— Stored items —
□ □ □

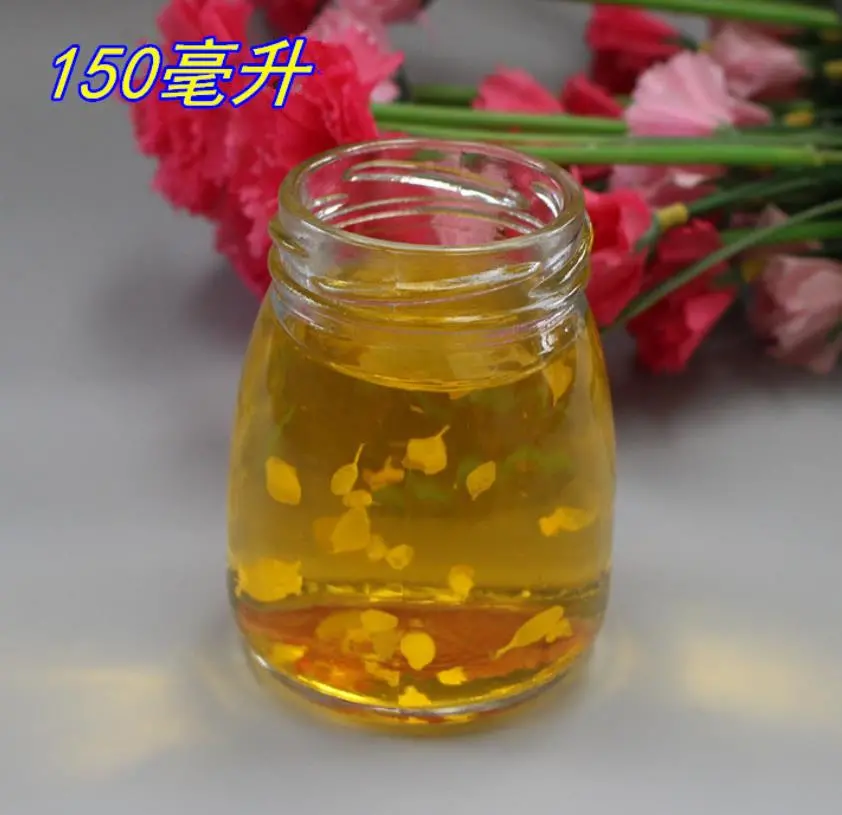 Hot Sell Glass Honey Pickles Jam Beans Sesame Grain Jar for Daily Useful.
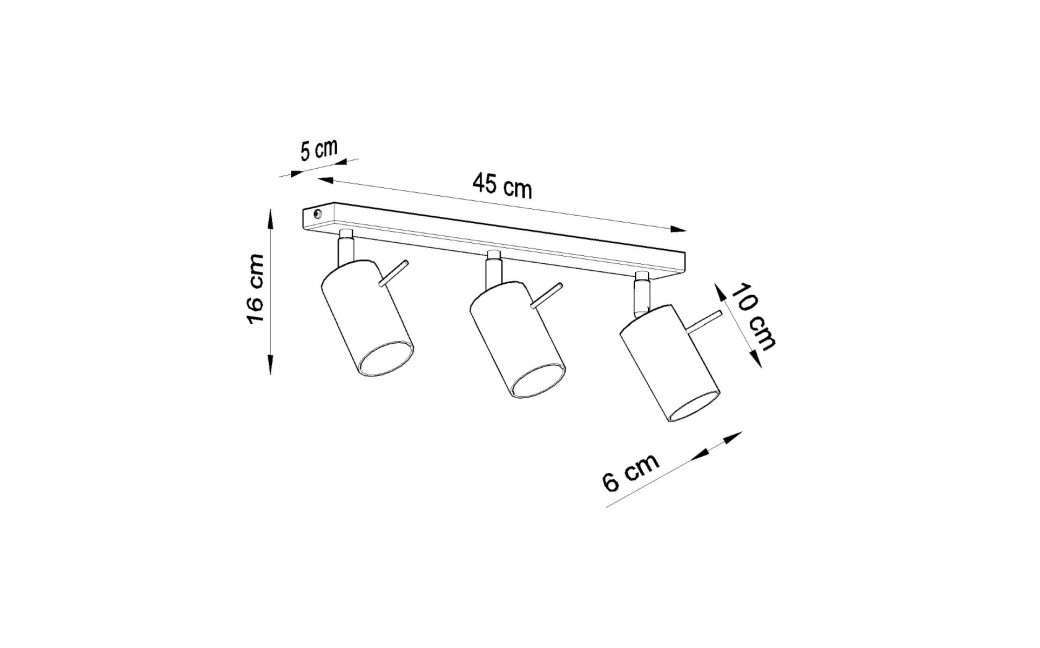 Sollux Plafon RING 3L biały SL.0089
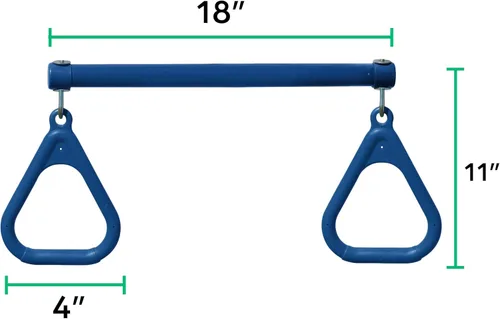 Vista 7 de Jungle Gym Kingdom Juegos de Columpios para Patio Trasero, Barras de Mono y Accesorios de Columpios - El Conjunto Incluye Barra de Columpio Trapecio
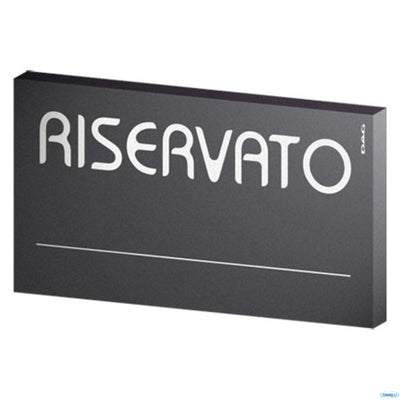 Segnaletica Tavolo Riservato S Leg 8X15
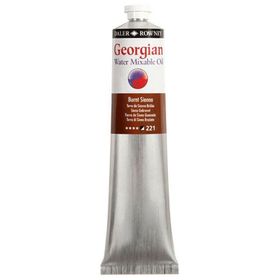 Daler Rowney Georgian 200 ml 221 Burnt Sienna Water Mixable Oil Su Bazlı Yağlı Boya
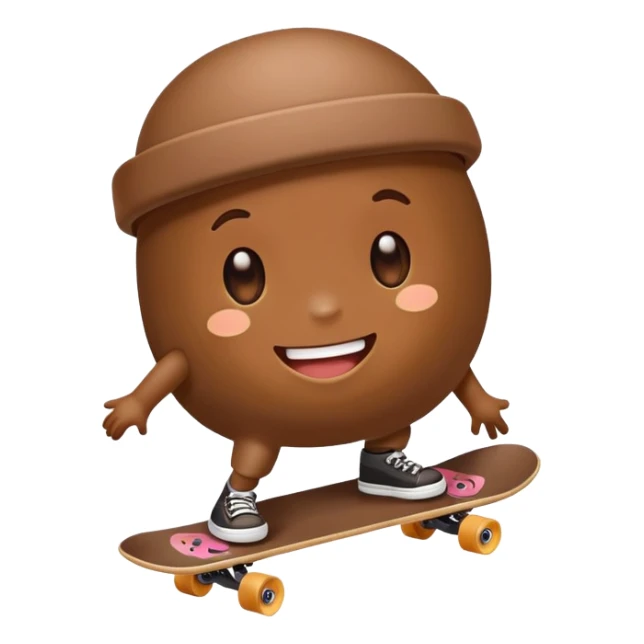  kawaii Poop skateboarding  sticker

□ □ □

— What is required —
Please retype only the lines from the line that holds "Daler Rowney Georgian" through the end of the records, exactly as they stand, and drop every picture.

— Answer to the exercise —
 Daler Rowney Georgian 200 ml 221 Burnt Sienna Water Mixable Oil Su Bazlı Yağlı Boya
  kawaii Poop skateboarding  sticker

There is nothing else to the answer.